A decade ago, these realities hit Ginger like a load of bricks.
At the time, she was a young architect interested in new-age building materials.
I came back to that seashell and coral,
and tried to understand where we can grow
materials the same way that seashells and coral is actually grown.
Seashells are hard because of calcium carbonate
-- the same tough substance in limestone.
Organisms in nature love making calcium carbonate.
Oyster pearls, coral reefs and your teeth and bones are reinforced with it.
And some bacteria make it too.
The calcium carbonate literally forms around the cell microorganism,
basically encapsulating them in between the grains of sand.
So, you’re literally stitching them together.
We asked Robert Jackson, a Stanford environmental scientist
and chairman of the pollution- fighting Global Carbon Project,
what he thought of the biocement concept.
In principal, we can harness the power and the ingenuity of microbes
to make some of these materials.
You still have to have a source of energy though,
and there are a lot of other details to work out.
This is why bioMASON is noteworthy.
Their bacteria don’t require added heat or high-energy to make the biocement.
The chemical reaction needed to make calcium carbonate
is powered by the microbe’s metabolisms.
For bacteria in nature, this process would be slow.
The right feeding conditions may occur once every few years.
But in the early days, Ginger and her husband,
co-founder Michael Dosier discovered a way
to speed things up.
This is a liquid culture of our bacteria.
So, it's a liquid version of what happens in the bricks.
After 111 failed experiments,
the pair found a microbe in the soil
that did the trick.
It’s a strain of Bacillus bacteria
that doesn’t cause disease and isn’t genetically modified.
Instead, they found the microbe’s optimal conditions for making biocement.
Just add calcium and voilà!
Instantly made calcium carbonate crystals.
With that key process solved, they could make biocement
using no more than the energy required to keep the lights on.
These days, their assembly line fills a warehouse.
The process starts with foundation material and
a machine that can make up to 10,000 bricks at a time.
This is an inert material, it could be sand, or crushed stone.
Here, a pitcher of bacteria is poured into red sand.
After mixing for 5 minutes,
everything gets dumped into the hopper.
This machine funnels the wet sand into individual brick molds,
which then get covered with a pressurized plate.
Ok, hold on because...
this part is pretty loud.
MICHAEL: Imagine you pour sand into a cup,
and it just sits kind of fluffy,
but if you put a plate on top and vibrate it,
those particles shift around until they nestle
and find their home.
The final bricks get pulled out like bread rolls on a tray,
and then are wheeled into a shipping container,
where they harden over three to four days.
One of the advantages that we have is that the cement itself is an off-white.
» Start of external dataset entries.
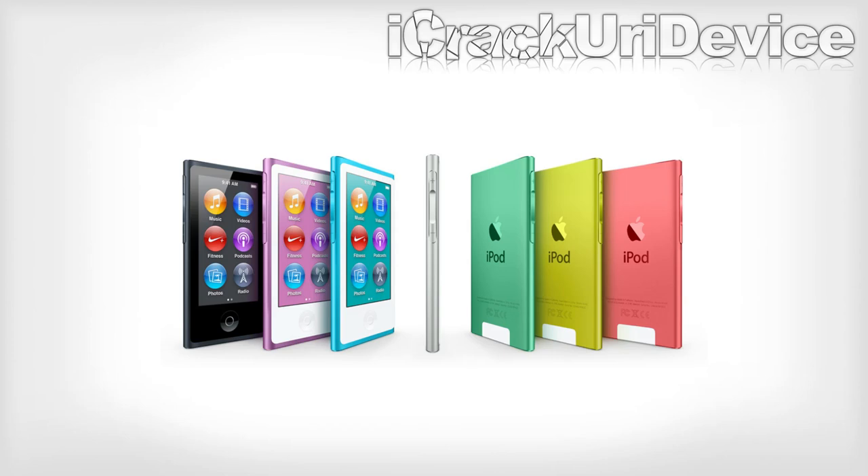Now closer to the size of a credit card, the redesigned iPod Nano measures at just 5.4 millimeters thin and features a new 2.5 inch multi-touch display. The Nano has an on-off sleep wake toggle, a home button, and between the volume rocker rests a new button designated to pausing and playing songs.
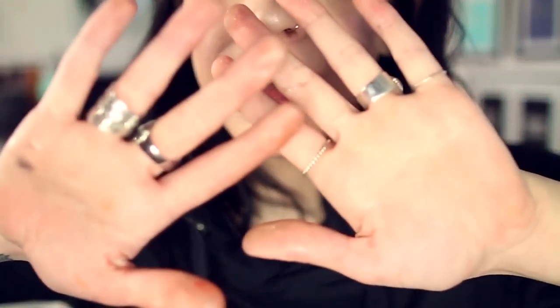Bye! Look at my hands — covered, absolutely covered in stuff!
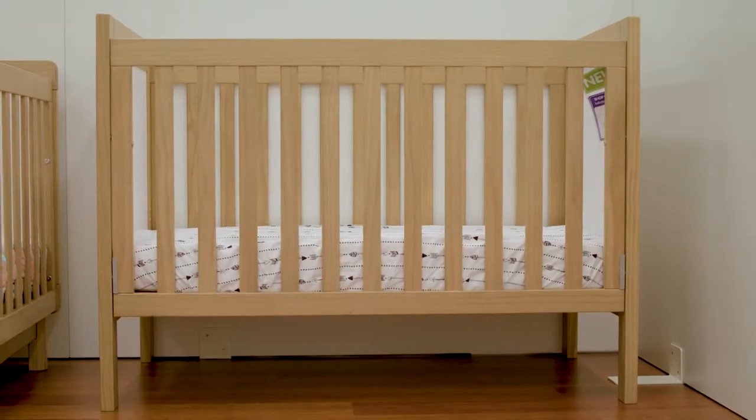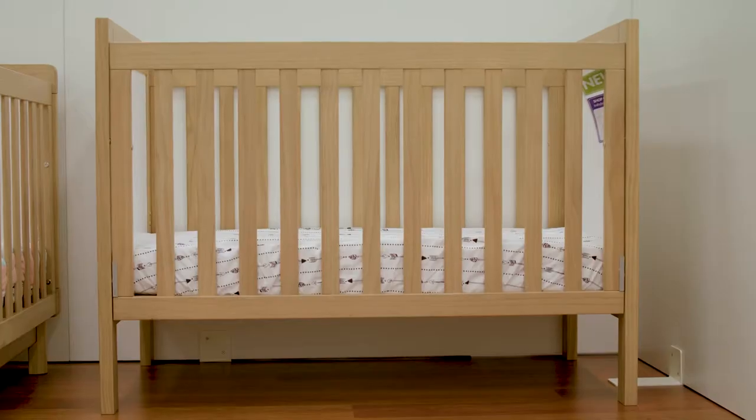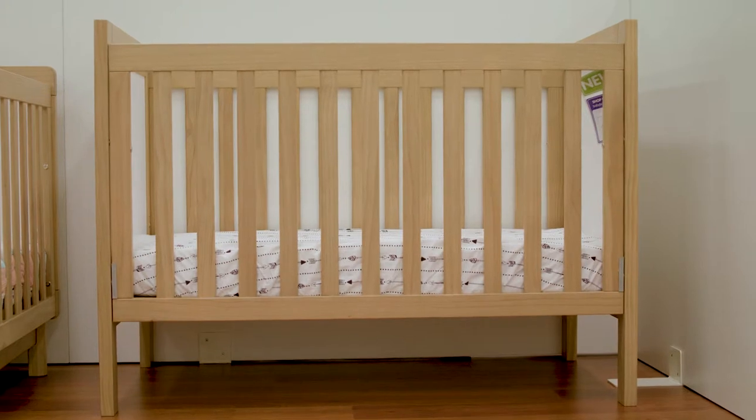Some of the safety requirements are that the cot is deep enough to prevent your child from falling out, with a minimum of 60cm from the base of the mattress in the lower base position. The mattress fits snugly around all sides with a maximum of a 2cm gap on each side when the mattress is centred. The spacing between the bars is between 5cm and 9.5cm, which is narrow enough to prevent your baby's head from getting through or getting stuck.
This blankness creates a canvass for playful designs.
They can make old and burnt-looking bricks without using fire.
But does biocement hold up like regular cement?
To find out, a handful of bricks from every bioMASON batch gets tested for quality control.
The bricks face things like extreme cold or water erosion
or immense pressure to see when the bricks collapse.
This one split after more than 23,000 pounds of force,
which far surpasses what a brick would face in a three-story building.
But meeting industry standards in a lab is one thing:
Field testing has included two courtyards in San Francisco,
as well as different small walls that we’ve built.
These were installed in 2015, and so far, have held up well.
In the future, the company plans to put the entire assembly line
-- mixer, hopper, etc. --
into shipping containers so that biocement can be made anywhere.
And by doing so, they may cement a brighter future for our planet.
I’m Nsikan Akpan
and this is ScienceScope from the PBS NewsHour.